Standard Chartered Plc is on track to mobilize between $10 billion and $12 billion of financing for the renewable energy market over the five years to the end of 2012, a bank official said on Thursday.
“We’re pretty much on runway,” Brad Sterley, director of the bank’s renewable energy and environmental finance team told a clean energy forum in Manila.
In 2007, the bank committed up to $10 billion under the Clinton Global Initiative for renewable and clean energy projects by 2012.
Sterley said the bank, which provides debt, advisory and equity across the sector, was involved in several renewable energy projects in the region, including solar power in South Korea, wind power in China and India and geothermal power in Indonesia.
Standard Chartered has partnered with the Manila-based Asian Development Bank (ADB) in providing project financing for renewable energy, and Sterley expects more business opportunities in the region.
“Generally we’re very bullish on Asia,” Sterley told Reuters at the forum, adding the bank was closely watching the regulatory environment in some countries planning a major shift to renewable energy, including the Philippines.
“The Philippines needs to finalize a feed-in tariff program for renewable energy.

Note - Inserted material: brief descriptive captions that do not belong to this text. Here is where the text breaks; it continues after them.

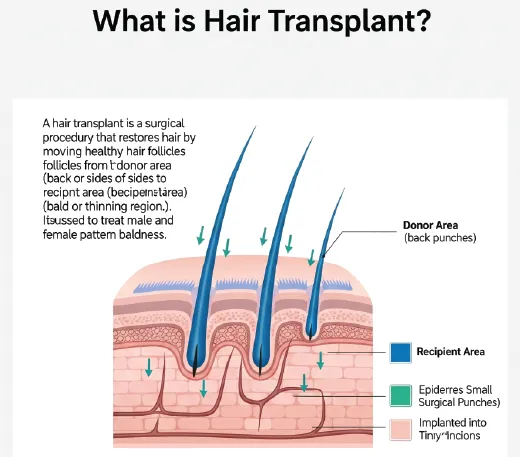 What Is Hair Transplant and How It Works – Dot Clinics Diagram explaining hair transplant with donor and recipient areas for natural hair restoration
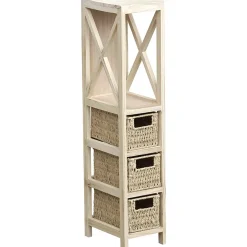 MEUBLE NATUREL 1 ETAGERE 3 PANIERS PAPIER TRESSES NATUREL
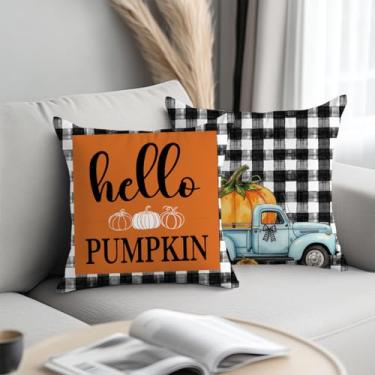 Imagem de 2 peças de capas de almofada de abóbora de outono 45,7 x 45,7 cm, capas de almofada quadradas para colheita de outono, almofadas decorativas de grade preta e branca para sofá, sala de estar, quarto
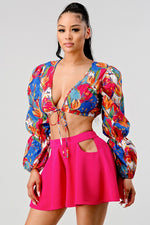 Load image into Gallery viewer, Athina crop printed top and cutout pants set
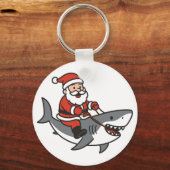 Cute Santa Claus Riding a Shark Funny Christmas Sleutelhanger (Achterkant)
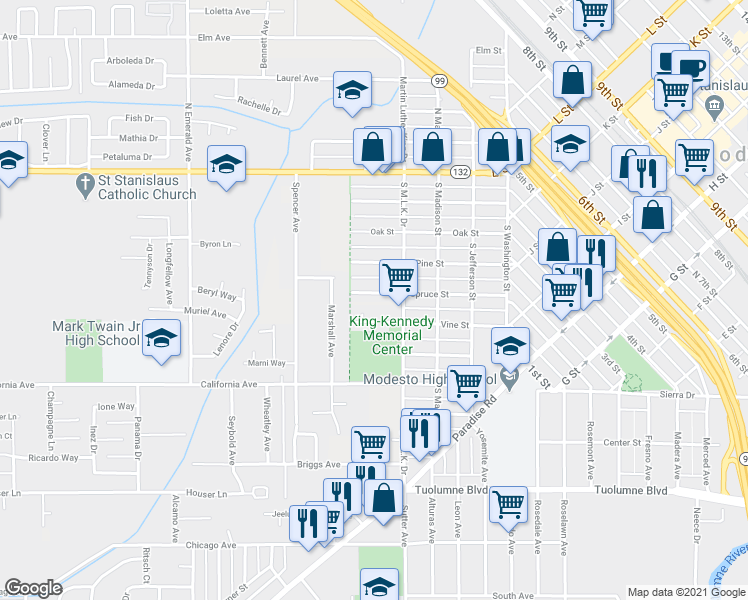 map of restaurants, bars, coffee shops, grocery stores, and more near 408 Spruce Street in Modesto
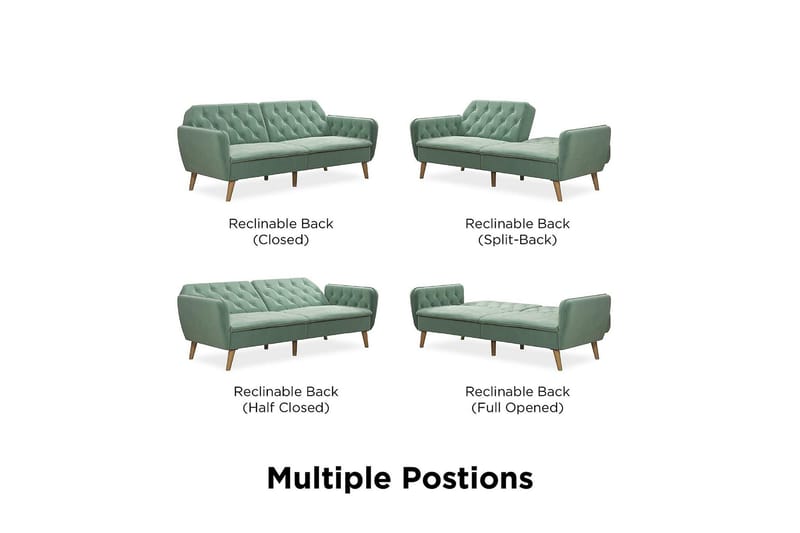 TallulaH 2-seters Sovesofa Fløyel/Lysegrønn - Novogratz - Møbler - Sofaer - Sovesofaer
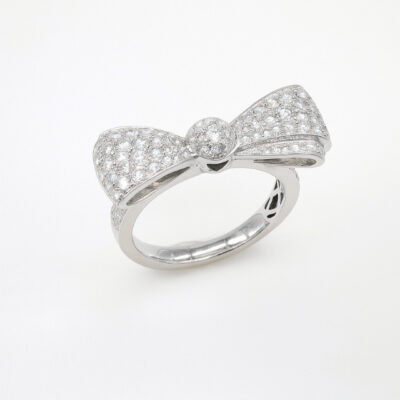 Sortija Diamantesta Lazo en Oro Blanco18K con Diamantes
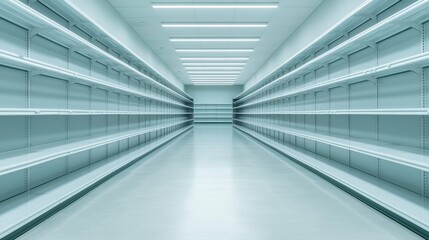 Naklejka premium Empty aisle with sleek shelves in a modern store interior.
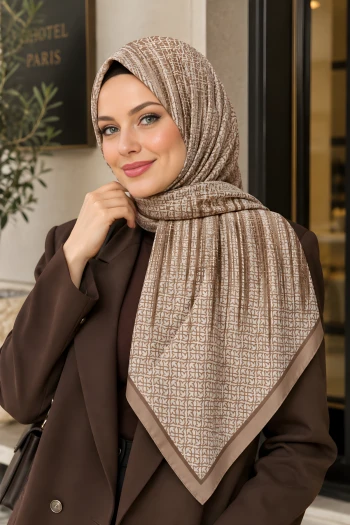 Bej Desenli Soft Eşarp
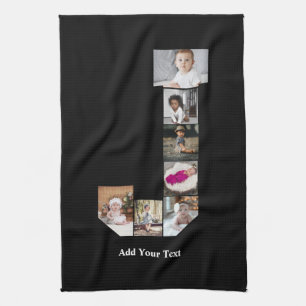 Design Your Own Letter J Photo Collage Poster Tea Towel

Otherwise, nothing can happen,” Sterley said.
The ADB, which hosted the forum along with the United States Agency for International Development and World Resources Institute, on Wednesday called on Asian countries to take radical steps to increase energy efficiency and investments in renewable energy to tackle climate change.
Last week, the Philippines launched its green energy roadmap under which it aims to triple its clean-power capacity to account for half of its energy needs within 20 years.
The National Renewable Energy Programme (NREP) projects increasing the Southeast Asian country’s renewable energy capacity to 15,400 MW by 2030 from about 5,400 MW at present, helping cut its dependence on imported oil.